▸ **ASSIGNED TASK**
Output, word for word, the lines of this listing that fall between the line with "重庆大学苏玉刚教授：电场耦合无线传输技术及其应用" and the line with "冬季转会窗口引援策略：如何平衡短期需求与长期发展？", counting both of those lines, and no others.

▸ **DATA UNDER STUDY**
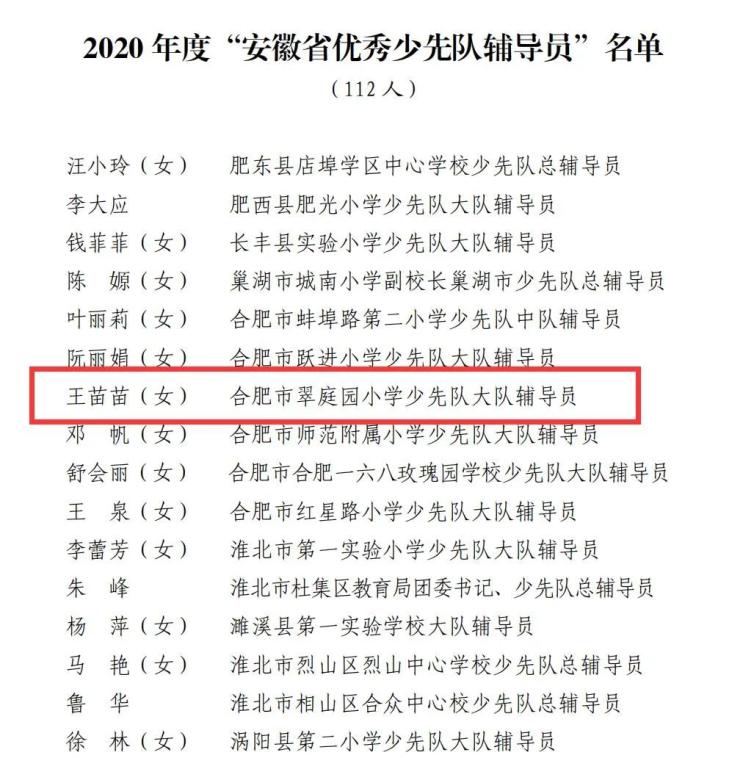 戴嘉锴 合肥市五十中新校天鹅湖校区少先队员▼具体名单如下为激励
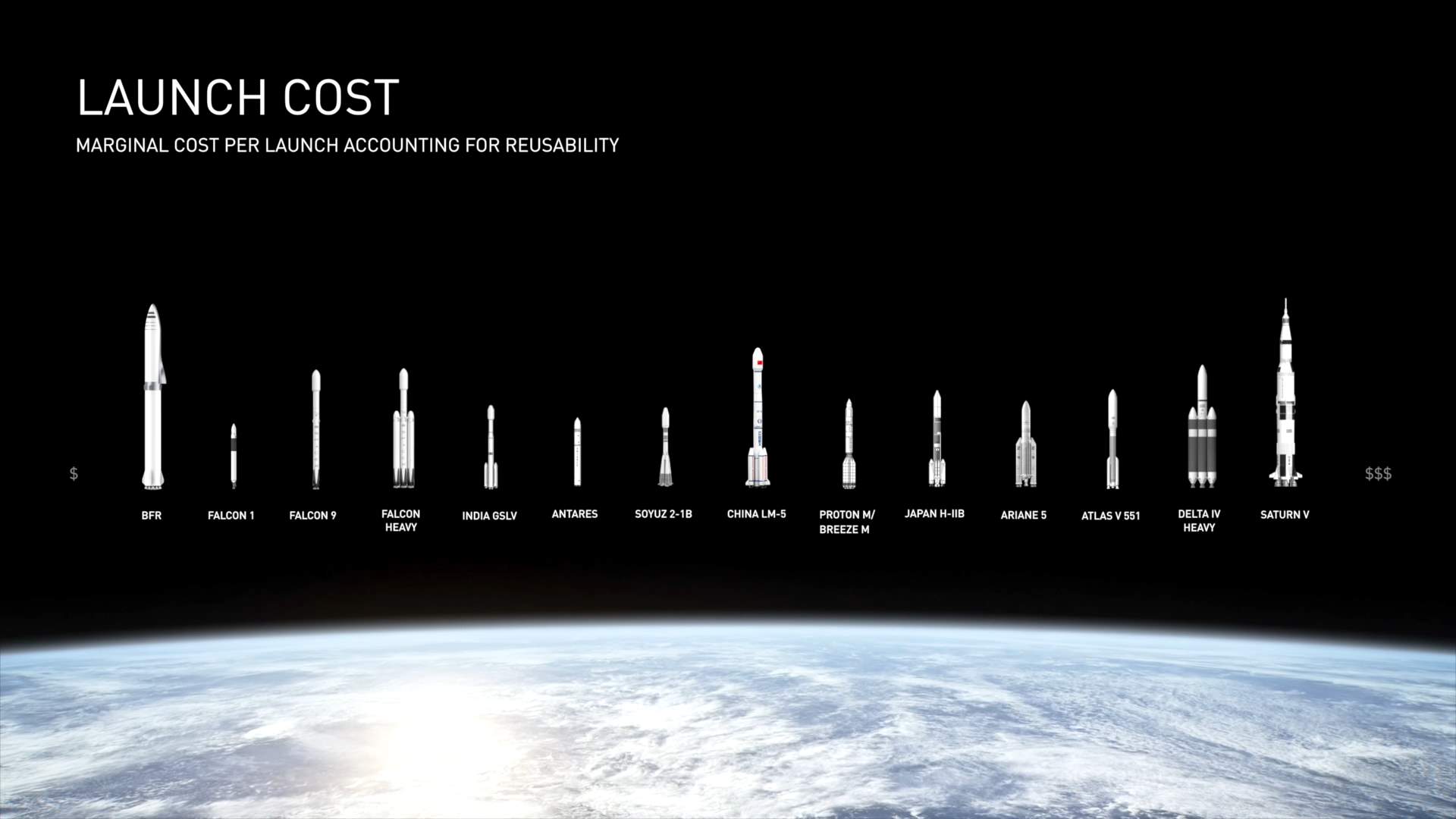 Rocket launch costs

* * *

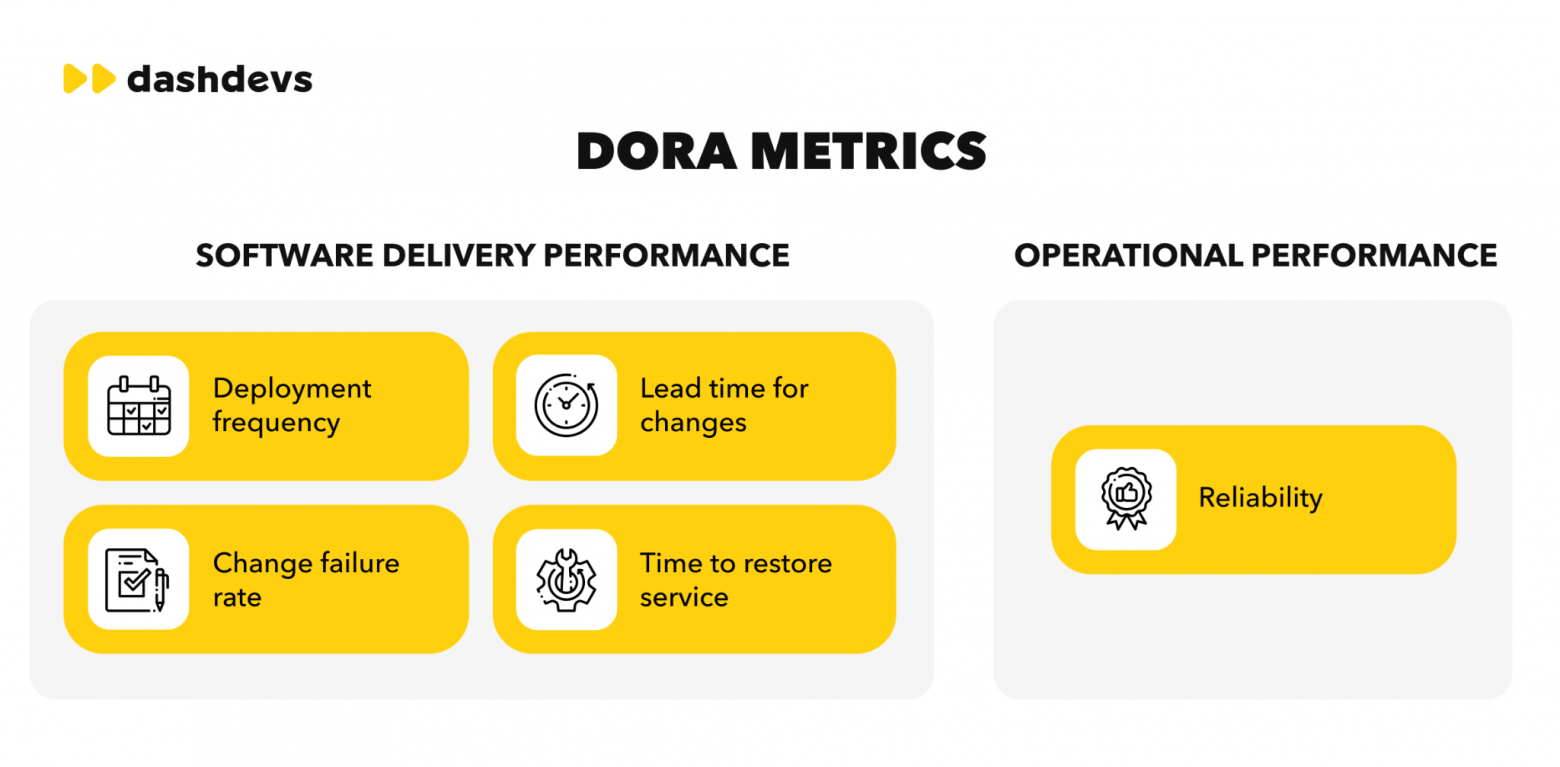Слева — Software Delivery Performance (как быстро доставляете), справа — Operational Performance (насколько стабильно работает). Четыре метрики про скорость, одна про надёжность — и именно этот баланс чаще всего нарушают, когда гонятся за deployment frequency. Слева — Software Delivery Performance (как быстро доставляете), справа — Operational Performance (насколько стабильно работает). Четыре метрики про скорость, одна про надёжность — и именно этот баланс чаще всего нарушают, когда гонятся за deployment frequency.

* * *

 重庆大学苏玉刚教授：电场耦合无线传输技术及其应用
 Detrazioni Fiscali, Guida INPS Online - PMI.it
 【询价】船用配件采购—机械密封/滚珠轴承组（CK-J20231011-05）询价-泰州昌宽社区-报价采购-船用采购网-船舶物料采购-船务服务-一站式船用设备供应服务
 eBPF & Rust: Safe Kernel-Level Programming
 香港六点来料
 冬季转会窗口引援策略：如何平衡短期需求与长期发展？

▸ **THE ANSWER**
 重庆大学苏玉刚教授：电场耦合无线传输技术及其应用
 Detrazioni Fiscali, Guida INPS Online - PMI.it
 【询价】船用配件采购—机械密封/滚珠轴承组（CK-J20231011-05）询价-泰州昌宽社区-报价采购-船用采购网-船舶物料采购-船务服务-一站式船用设备供应服务
 eBPF & Rust: Safe Kernel-Level Programming
 香港六点来料
 冬季转会窗口引援策略：如何平衡短期需求与长期发展？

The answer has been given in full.